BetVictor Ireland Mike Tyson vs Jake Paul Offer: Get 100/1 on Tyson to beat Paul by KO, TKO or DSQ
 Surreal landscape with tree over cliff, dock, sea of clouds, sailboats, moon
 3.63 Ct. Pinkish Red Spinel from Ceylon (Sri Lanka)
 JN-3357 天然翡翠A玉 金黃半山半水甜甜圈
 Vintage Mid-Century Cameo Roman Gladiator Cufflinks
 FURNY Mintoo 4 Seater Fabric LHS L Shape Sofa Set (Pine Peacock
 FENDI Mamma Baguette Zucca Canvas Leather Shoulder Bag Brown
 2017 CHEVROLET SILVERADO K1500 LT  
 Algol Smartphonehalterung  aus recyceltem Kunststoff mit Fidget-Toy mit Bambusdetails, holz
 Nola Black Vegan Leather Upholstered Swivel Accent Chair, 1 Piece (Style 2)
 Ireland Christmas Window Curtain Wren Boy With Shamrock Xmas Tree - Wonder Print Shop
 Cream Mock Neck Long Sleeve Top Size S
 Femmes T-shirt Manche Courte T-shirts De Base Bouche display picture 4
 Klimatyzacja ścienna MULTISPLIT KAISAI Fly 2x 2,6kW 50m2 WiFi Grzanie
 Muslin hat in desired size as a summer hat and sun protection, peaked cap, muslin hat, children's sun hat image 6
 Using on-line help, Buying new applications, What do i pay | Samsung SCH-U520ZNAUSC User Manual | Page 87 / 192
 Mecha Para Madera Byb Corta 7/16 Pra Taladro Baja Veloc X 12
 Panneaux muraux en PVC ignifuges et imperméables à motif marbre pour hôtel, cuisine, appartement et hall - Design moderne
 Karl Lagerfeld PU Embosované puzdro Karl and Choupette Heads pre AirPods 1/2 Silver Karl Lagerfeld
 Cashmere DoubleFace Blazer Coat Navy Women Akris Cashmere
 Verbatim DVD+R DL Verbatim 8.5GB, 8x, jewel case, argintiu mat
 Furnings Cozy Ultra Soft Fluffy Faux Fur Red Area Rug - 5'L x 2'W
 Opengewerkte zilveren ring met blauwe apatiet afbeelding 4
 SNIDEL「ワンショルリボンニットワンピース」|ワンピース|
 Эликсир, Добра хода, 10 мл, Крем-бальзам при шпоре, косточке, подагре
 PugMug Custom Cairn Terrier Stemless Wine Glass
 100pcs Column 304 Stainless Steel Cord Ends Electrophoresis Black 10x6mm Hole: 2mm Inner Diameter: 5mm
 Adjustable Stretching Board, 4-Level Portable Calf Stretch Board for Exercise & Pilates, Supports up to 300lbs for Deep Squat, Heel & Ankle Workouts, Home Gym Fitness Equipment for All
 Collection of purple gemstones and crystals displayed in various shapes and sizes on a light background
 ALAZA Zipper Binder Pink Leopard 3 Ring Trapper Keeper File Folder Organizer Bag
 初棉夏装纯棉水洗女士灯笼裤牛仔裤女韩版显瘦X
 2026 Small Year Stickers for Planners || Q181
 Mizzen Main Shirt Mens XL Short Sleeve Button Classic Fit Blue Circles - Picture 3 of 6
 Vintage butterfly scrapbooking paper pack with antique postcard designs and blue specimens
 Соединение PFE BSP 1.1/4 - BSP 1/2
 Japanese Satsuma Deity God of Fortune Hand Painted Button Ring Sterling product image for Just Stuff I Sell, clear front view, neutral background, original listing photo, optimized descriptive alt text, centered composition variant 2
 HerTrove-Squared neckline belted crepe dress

### Requirement:
Write down exactly the span of lines above from the one containing "Furnings Cozy Ultra" to the one containing "100pcs Column 304", both ends included.

### Solution:
 Furnings Cozy Ultra Soft Fluffy Faux Fur Red Area Rug - 5'L x 2'W
 Opengewerkte zilveren ring met blauwe apatiet afbeelding 4
 SNIDEL「ワンショルリボンニットワンピース」|ワンピース|
 Эликсир, Добра хода, 10 мл, Крем-бальзам при шпоре, косточке, подагре
 PugMug Custom Cairn Terrier Stemless Wine Glass
 100pcs Column 304 Stainless Steel Cord Ends Electrophoresis Black 10x6mm Hole: 2mm Inner Diameter: 5mm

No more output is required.